Confession: The postman left a manila folder containing a book I forgot I had requested for reasons I couldn’t remember by an author I didn’t care to follow. I’m probably just jealous, for who can resist Beth Moore’s effervescent presentation of hope? Apparently, there are few of us. Remember Proverbs 27:14? “If anyone loudly blesses their neighbor early in the morning, it will be taken as a curse.” Such has been been my response to Moore’s prolific output. And like a good neighbor, I have carefully avoided her work—not an easy feat in modern day Christendom. Too bad for me, since I discovered upon opening the package that she has some really good things to say. When I read the enclosure, I was reminded I had, um, agreed to post a review. Here it is.
Get Out of That Pit has a timely message for anyone who finds themselves feeling stuck, unable to stand and having lost vision. From my curmudgeonly introduction, you have surmised that might be me! Moore delights with sunny, southern colloquialisms–if one has an affinity for that form of humor, then sucker punches with unavoidable truisms. As a result of her transparent sharing rather than the plastic perfection of which I [might] have accused her, I found myself open to her message, taken predominantly from Psalm 40, and the account of Joseph.
For me the most valuable takeaway is this: A pit is not, by definition, an external circumstance or a location outside of one’s self, but is, in fact, mobile. One can carry their pit with them into any situation, which she illustrates with a comic sketch of driving/crashing a stinking RV into a well-appointed living room to set up household. She posits at the beginning that it is this internal pit from which our true deliverance must come. As a spiritual director, I was thrilled to discover this nugget within. However, her attention quickly turned, in subsequent chapters, to the external “pits,” i.e. less desirable choices and willful disobedience. My initial thrill, thus, was tempered a bit. I would have liked to see more of the book devoted to the inner aspect. It seemed the freshest.
As to literary quality, while the stories are witty and charming, the writing is redundant and unfocused at times.

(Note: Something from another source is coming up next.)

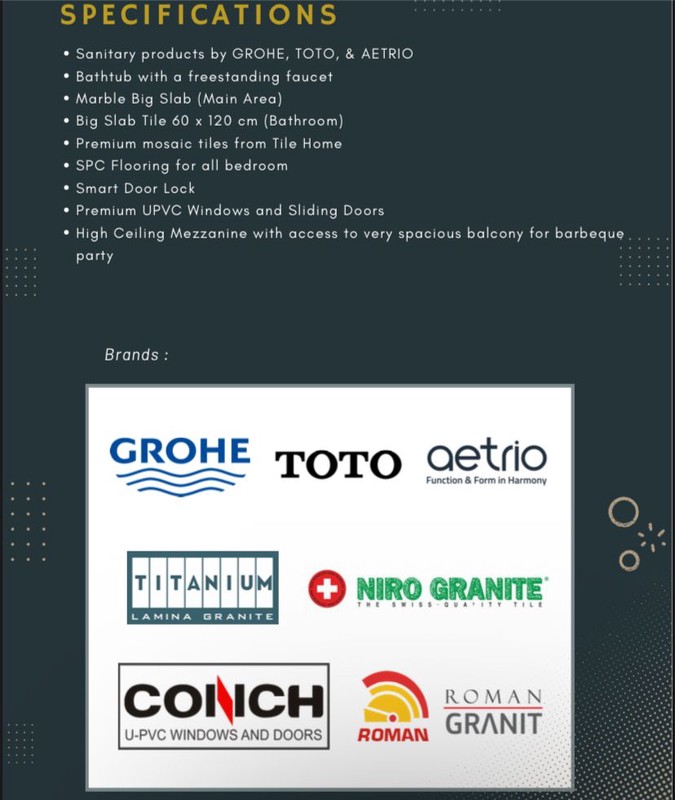 Dijual Rumah di Foresta Cluster Giardina - BSD City Tangerang Selatan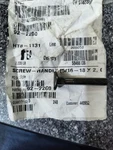 Genuine Oem Toro Part # 92-2260 Handle Screw Recycler Mower Super. Fixed Price $14.69.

Thus, I had a hard time staying engaged–maybe it’s just me. Thankfully, the study guide in the back brings clarity where it is lacking within the specific chapters. To her credit, she is forthright, stating that the style is conversational and can be problematic for some (…me, maybe?).
Women, in particular, looking for devotional material full of familiar biblical passages that “fill you up”–a significant portion of the scripture-consuming population, will no doubt find it enjoyable and helpful. Those who appreciate a more serious use of language, whose invitation is to deeper layers of reflection and self-awareness, who want to explore meaning beyond metaphor, should be aware that Get Out… will likely not serve that purpose, though it will serve its purpose in redirecting us to an awareness that we have agency in how long we stay. And it offers some actions to take to help us Get Out of That Pit! Spoiler alert: They mostly concern the mouth.
While I resist formulas, I recognize the value in organizing our thoughts. So, if you or someone you know seems to recycle through insurmountable situations—feel stuck, can’t stand in the face of difficulty, and have lost vision, Moore offers good insight. You may want to skim, though, rather than read each word. Congrats on the 10th anniversary of a successful piece of work.